PROBLEM TO SOLVE
Take the data below and extract the lines from the one with "Lazy Bird [Reharmonized" to the one with "Hallway interior in", inclusive, exactly as written.

========================================

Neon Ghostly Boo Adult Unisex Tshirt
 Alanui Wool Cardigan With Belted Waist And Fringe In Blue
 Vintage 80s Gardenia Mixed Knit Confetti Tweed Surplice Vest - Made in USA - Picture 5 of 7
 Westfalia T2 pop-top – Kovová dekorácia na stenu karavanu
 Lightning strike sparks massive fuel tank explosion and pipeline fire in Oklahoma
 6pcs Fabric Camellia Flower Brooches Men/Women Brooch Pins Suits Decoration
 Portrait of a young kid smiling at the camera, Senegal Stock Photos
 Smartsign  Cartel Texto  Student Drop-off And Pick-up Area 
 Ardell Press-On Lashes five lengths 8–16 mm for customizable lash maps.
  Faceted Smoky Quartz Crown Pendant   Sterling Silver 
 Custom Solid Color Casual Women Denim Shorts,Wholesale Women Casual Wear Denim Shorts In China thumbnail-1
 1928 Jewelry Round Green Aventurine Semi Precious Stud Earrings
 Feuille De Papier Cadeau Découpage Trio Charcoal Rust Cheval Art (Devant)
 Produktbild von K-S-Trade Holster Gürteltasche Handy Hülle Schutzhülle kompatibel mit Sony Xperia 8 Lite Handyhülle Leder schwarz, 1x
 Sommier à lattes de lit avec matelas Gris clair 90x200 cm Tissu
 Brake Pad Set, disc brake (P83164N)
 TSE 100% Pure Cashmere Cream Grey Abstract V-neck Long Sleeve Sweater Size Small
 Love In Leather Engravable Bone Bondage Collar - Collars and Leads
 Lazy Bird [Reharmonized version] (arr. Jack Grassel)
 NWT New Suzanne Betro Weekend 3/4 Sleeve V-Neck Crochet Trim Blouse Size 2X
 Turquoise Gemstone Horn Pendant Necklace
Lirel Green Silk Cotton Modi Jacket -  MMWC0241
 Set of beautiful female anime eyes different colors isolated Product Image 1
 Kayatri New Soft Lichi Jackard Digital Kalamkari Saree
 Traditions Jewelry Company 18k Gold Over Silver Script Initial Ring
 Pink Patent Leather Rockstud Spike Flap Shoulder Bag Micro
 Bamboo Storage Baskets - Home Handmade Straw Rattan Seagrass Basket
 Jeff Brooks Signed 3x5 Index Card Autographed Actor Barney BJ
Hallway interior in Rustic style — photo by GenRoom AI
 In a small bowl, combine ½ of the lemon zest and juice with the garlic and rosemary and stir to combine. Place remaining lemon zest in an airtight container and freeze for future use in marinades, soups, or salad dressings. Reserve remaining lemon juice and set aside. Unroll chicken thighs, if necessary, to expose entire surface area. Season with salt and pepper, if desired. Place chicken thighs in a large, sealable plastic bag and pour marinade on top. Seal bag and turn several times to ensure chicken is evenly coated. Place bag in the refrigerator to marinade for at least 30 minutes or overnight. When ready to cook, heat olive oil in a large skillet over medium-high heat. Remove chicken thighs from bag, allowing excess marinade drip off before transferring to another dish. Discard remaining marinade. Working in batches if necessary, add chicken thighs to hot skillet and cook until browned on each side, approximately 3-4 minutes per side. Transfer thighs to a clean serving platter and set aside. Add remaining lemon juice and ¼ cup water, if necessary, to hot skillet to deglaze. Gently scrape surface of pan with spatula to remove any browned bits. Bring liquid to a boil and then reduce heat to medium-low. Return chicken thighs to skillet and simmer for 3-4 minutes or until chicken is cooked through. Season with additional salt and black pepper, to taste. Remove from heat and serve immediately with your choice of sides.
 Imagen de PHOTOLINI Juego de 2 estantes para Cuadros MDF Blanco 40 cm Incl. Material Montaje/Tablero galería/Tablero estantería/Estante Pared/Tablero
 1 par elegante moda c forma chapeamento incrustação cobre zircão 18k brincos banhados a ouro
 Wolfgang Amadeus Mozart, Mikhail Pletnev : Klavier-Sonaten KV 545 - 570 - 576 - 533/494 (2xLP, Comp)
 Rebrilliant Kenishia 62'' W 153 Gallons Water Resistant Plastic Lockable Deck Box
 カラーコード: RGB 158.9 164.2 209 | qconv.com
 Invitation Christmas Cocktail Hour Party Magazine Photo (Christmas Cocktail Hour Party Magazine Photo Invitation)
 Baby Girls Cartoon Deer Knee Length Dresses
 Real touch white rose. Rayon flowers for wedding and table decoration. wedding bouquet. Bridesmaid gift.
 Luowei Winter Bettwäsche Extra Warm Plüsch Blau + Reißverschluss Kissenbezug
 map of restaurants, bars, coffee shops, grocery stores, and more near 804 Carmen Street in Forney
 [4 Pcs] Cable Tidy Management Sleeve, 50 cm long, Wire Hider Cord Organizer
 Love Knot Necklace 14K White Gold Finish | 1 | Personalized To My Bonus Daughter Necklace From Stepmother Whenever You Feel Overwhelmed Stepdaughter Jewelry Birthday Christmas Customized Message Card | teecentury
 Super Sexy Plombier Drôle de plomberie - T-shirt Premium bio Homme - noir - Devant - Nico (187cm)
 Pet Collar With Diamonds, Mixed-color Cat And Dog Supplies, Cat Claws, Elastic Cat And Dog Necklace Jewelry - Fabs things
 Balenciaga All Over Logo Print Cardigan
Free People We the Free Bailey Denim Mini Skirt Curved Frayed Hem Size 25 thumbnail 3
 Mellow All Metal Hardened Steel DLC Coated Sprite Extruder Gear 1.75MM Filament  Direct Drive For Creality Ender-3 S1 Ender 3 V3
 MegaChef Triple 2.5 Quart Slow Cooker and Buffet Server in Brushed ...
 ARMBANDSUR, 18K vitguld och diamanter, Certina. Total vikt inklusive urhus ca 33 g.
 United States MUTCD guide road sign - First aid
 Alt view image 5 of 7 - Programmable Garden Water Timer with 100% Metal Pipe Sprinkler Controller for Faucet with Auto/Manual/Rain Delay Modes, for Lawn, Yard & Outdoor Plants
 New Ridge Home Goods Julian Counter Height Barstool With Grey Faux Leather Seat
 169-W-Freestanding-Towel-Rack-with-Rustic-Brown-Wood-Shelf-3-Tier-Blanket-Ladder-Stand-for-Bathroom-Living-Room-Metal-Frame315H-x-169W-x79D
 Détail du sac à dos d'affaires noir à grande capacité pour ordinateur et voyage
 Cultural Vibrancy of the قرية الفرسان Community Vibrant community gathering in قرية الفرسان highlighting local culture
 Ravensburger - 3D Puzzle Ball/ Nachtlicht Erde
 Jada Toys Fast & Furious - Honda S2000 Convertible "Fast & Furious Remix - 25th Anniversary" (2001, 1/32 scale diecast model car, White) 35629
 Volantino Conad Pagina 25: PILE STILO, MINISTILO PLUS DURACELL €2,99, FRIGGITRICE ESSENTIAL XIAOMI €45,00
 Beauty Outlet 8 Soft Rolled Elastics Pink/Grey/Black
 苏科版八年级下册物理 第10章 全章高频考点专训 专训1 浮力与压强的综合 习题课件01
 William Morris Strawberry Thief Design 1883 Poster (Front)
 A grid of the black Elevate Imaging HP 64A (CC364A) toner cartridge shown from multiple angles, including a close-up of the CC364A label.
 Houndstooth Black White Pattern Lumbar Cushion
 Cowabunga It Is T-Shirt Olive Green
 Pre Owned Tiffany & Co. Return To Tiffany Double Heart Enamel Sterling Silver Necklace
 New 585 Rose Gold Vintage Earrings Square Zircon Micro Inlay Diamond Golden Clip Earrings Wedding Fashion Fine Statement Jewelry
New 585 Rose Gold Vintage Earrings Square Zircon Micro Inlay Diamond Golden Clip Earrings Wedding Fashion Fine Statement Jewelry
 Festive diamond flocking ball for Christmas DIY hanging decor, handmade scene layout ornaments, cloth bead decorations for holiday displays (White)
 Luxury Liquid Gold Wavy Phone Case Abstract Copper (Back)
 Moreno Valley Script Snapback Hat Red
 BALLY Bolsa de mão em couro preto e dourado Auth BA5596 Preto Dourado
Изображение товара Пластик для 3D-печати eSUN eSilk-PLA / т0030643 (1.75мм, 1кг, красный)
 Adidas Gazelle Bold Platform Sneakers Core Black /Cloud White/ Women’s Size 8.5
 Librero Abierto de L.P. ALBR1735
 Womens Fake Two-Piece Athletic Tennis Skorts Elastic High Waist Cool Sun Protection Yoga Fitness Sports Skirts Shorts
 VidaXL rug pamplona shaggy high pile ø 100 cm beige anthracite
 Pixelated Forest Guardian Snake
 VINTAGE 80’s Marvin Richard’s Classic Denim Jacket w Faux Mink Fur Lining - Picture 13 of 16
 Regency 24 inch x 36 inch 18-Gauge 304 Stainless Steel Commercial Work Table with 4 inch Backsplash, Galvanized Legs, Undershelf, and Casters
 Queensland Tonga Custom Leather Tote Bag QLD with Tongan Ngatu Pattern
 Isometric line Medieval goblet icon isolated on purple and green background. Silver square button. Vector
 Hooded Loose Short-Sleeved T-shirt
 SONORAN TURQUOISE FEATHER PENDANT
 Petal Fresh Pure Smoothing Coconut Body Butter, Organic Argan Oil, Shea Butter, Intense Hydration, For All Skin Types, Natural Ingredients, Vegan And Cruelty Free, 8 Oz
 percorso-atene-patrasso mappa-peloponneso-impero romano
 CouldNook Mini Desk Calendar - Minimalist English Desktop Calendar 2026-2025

========================================

TASK RESPONSE
 Lazy Bird [Reharmonized version] (arr. Jack Grassel)
 NWT New Suzanne Betro Weekend 3/4 Sleeve V-Neck Crochet Trim Blouse Size 2X
 Turquoise Gemstone Horn Pendant Necklace
Lirel Green Silk Cotton Modi Jacket -  MMWC0241
 Set of beautiful female anime eyes different colors isolated Product Image 1
 Kayatri New Soft Lichi Jackard Digital Kalamkari Saree
 Traditions Jewelry Company 18k Gold Over Silver Script Initial Ring
 Pink Patent Leather Rockstud Spike Flap Shoulder Bag Micro
 Bamboo Storage Baskets - Home Handmade Straw Rattan Seagrass Basket
 Jeff Brooks Signed 3x5 Index Card Autographed Actor Barney BJ
Hallway interior in Rustic style — photo by GenRoom AI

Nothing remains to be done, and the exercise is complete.